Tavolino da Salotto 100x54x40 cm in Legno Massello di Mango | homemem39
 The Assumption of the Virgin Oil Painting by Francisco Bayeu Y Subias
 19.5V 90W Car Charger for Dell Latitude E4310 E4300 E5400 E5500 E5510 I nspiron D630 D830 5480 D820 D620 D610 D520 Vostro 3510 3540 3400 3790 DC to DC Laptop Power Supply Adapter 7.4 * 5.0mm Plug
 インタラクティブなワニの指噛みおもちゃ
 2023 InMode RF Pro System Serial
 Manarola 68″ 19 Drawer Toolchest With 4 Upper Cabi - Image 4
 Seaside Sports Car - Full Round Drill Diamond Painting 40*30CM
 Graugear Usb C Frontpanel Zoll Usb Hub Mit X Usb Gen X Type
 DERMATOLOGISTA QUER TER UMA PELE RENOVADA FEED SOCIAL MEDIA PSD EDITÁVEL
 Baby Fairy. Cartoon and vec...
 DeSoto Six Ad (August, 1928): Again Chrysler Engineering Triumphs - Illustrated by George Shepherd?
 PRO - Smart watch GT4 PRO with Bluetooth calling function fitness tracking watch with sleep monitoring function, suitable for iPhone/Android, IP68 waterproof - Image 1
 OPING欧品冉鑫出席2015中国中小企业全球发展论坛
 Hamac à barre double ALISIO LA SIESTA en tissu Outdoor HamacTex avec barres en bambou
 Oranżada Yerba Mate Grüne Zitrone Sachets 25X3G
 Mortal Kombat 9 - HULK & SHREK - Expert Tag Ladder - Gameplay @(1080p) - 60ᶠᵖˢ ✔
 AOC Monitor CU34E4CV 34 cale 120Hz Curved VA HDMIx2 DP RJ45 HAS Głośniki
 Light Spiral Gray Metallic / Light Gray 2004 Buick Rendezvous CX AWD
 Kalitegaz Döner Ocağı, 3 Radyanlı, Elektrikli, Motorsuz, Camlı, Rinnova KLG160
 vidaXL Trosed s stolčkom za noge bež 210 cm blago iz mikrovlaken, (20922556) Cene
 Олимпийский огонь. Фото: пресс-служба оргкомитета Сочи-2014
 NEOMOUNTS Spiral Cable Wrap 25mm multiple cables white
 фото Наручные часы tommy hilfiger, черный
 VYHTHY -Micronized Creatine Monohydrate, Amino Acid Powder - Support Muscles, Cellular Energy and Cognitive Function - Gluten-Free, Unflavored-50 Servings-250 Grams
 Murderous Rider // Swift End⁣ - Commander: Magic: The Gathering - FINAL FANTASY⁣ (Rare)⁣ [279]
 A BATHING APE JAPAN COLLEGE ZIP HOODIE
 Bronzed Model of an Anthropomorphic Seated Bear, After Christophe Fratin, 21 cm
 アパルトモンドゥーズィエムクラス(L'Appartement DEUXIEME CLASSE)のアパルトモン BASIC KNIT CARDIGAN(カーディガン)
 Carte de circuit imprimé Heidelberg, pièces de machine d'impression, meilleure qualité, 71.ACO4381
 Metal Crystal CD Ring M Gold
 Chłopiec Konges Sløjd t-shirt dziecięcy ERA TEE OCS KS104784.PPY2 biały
··········
## WHAT THE TASK ASKS
Tally the lines above that contain the string "Image". Respond with the total alone.

## SOLUTION FOR THIS TASK
2